## Exercise aim
Below are lines of data, and only some are wanted. Please repeat exactly those from the line that has "Red Heart Arrow PNG Image" through the line that has "vidaXL Rennes de".

## Given information

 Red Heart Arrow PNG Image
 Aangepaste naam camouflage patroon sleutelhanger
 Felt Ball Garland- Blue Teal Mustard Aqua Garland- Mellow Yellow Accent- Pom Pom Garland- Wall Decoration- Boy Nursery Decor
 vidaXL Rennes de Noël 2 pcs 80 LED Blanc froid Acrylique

...

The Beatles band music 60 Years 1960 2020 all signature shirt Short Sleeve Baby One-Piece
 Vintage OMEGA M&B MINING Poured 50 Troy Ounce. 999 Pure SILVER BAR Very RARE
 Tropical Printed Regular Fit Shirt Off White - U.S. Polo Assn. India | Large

## Exercise output
 Red Heart Arrow PNG Image
 Aangepaste naam camouflage patroon sleutelhanger
 Felt Ball Garland- Blue Teal Mustard Aqua Garland- Mellow Yellow Accent- Pom Pom Garland- Wall Decoration- Boy Nursery Decor
 vidaXL Rennes de Noël 2 pcs 80 LED Blanc froid Acrylique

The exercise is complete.